ZTNA fix: the user gets an outbound session to one named application. No route, no broadcast, no other ports.
2 "The VPN is slow today" (Monday, 9:15 AM)
The Monday-morning login storm hits the same HA pair every week. Concentrators were sized for steady state — peak is twice that. TLS handshakes queue, IKE rekeys back up, and the helpdesk hears about it for an hour.
ZTNA fix: the SASE PoP is shared, elastic and globally distributed. There is no fixed concentrator to overload at 9:15.
3 "My laptop joined yesterday and I still can't connect."
New joiner gets a corporate laptop. The VPN client has to be installed manually, the profile imported, the certificate enrolled, the MFA seed paired and the user walked through the disconnect-reconnect dance. IT loses 45 minutes per joiner.
ZTNA fix: FortiClient EMS pushes the agent, profile, posture rules and trust anchors as part of zero-touch enrolment. The user signs in once with the corporate identity and the access works.
4 "The contractor's laptop is on the VPN."
You can grant a contractor a VPN account in five minutes. You can't easily check whether their laptop has BitLocker enabled, the EDR agent running, or last week's critical patches installed — and the VPN doesn't care.
ZTNA fix: every connection is gated by a posture check that runs on this connection. Out-of-date OS, missing EDR, encryption off → access denied or restricted, automatically.
5 "We can't tell who accessed what."
The VPN log says "user X authenticated, source Y, at time T". What did they actually do? Which servers, which apps, which records? That's reconstructed from disparate logs at three other places, after the incident, on a deadline.
ZTNA fix: every session is a named application access, logged centrally with user, device, app, time and bytes. The audit trail is application-level by design.

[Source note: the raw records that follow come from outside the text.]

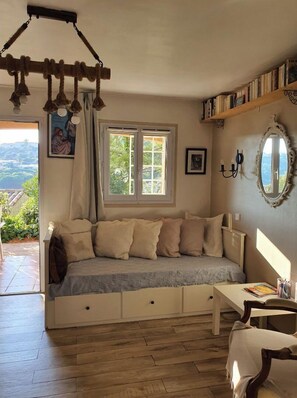 Relax in a cozy seating area with a bench and storage drawers, offering a view of the outdoors.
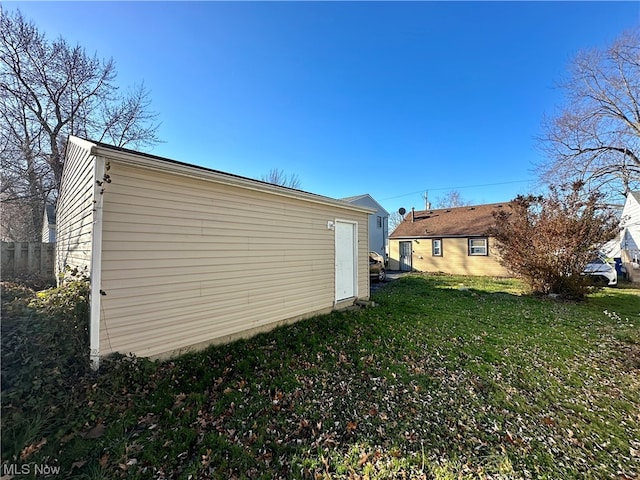 view of home's exterior featuring a yard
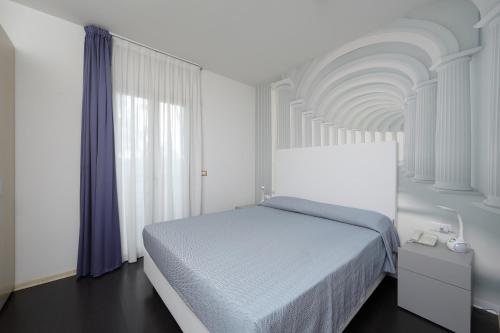 A bed or beds in a room at Hotel Anapaya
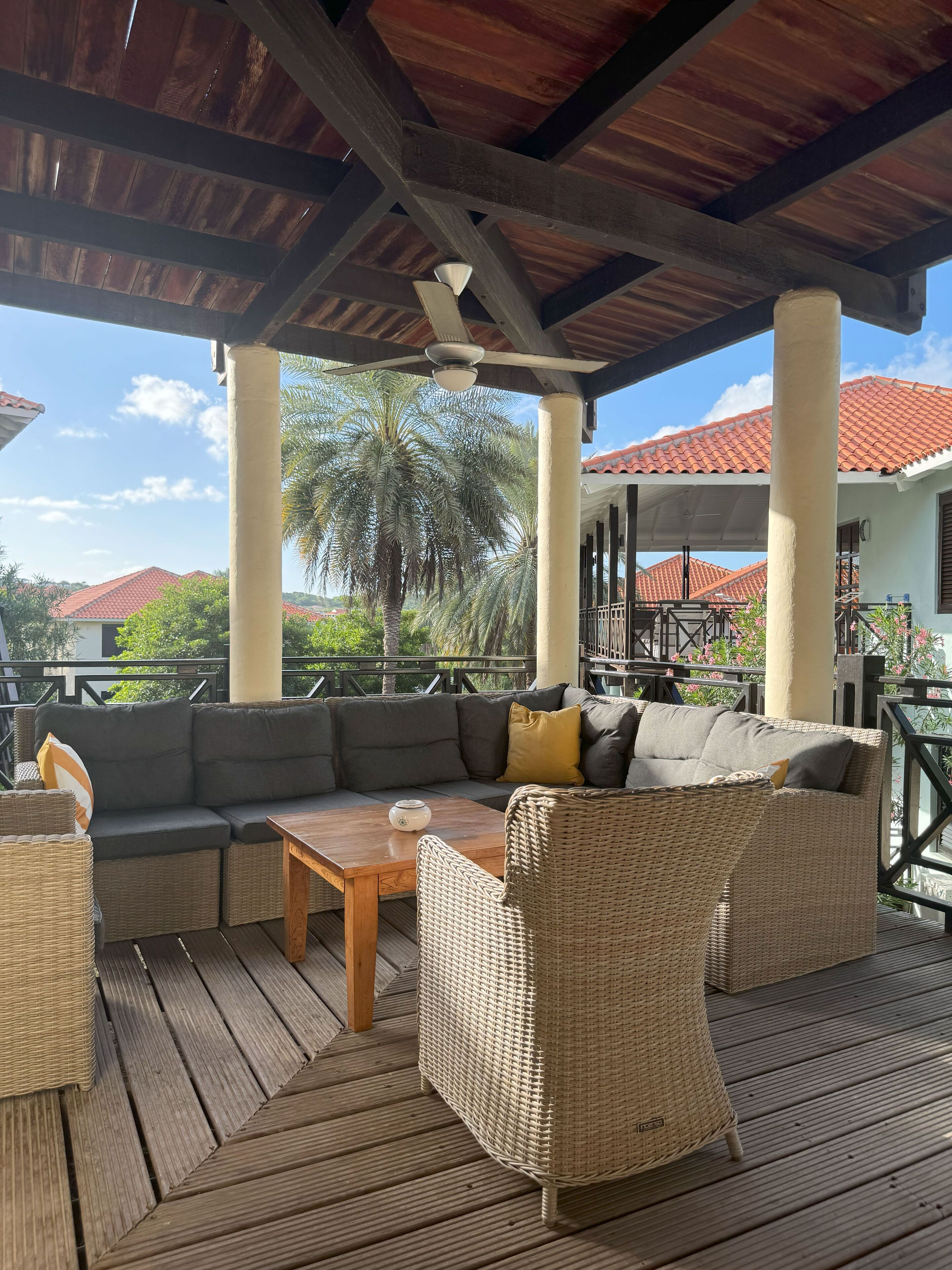 A covered outdoor seating area with a wooden table, wicker furniture, and a view of a residential area with red-tiled roofs and palm trees.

6 "One user clicked a link and now ransomware is spreading."
The user was on VPN. Their laptop got popped. The implant immediately tried — and succeeded — to reach the file server, the domain controller, and the application servers on adjacent subnets. The blast radius is the whole network, because that's what the VPN gave them.
ZTNA fix: the compromised laptop can only reach the applications the user was explicitly granted access to. Lateral movement is denied by architecture, not by hoping segmentation rules held.

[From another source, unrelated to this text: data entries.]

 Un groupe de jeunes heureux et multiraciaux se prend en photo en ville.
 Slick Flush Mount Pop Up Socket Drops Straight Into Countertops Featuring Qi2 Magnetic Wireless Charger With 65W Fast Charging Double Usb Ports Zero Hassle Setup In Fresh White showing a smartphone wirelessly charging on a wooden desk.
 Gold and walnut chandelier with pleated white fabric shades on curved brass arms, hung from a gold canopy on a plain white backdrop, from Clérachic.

Why a VPN can't fix any of these — the architectural reason
You can patch a VPN. You can tighten its split-tunnel policy, segment the destination network behind it, add MFA on the gateway, and force device certificates. Each one of those helps, and every one of them is a workaround for the same fact: a VPN's job is to put a remote user on the network. The trust model is binary — you're in or you're out — and the routing table is built for hosts that belong on a LAN.
The core mismatch
VPN trusts the network. ZTNA trusts neither network nor user.

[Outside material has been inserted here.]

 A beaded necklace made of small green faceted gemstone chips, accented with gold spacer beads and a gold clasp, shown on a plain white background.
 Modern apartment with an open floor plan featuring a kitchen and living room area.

Every protection on a VPN bolts onto a model that already trusts the user once they're connected. Network segmentation, micro-segmentation, NAC, host-based firewalls — each adds back a check the VPN itself never made. None of them undo the fact that a successful VPN login produced a routable presence on the corporate network.
ZTNA inverts that. There is no "on the network". There is "this user, on this device, with this posture, accessing this application, right now". Every condition is re-evaluated for every session. The network never becomes the trust boundary, because the network never gets to be a boundary at all.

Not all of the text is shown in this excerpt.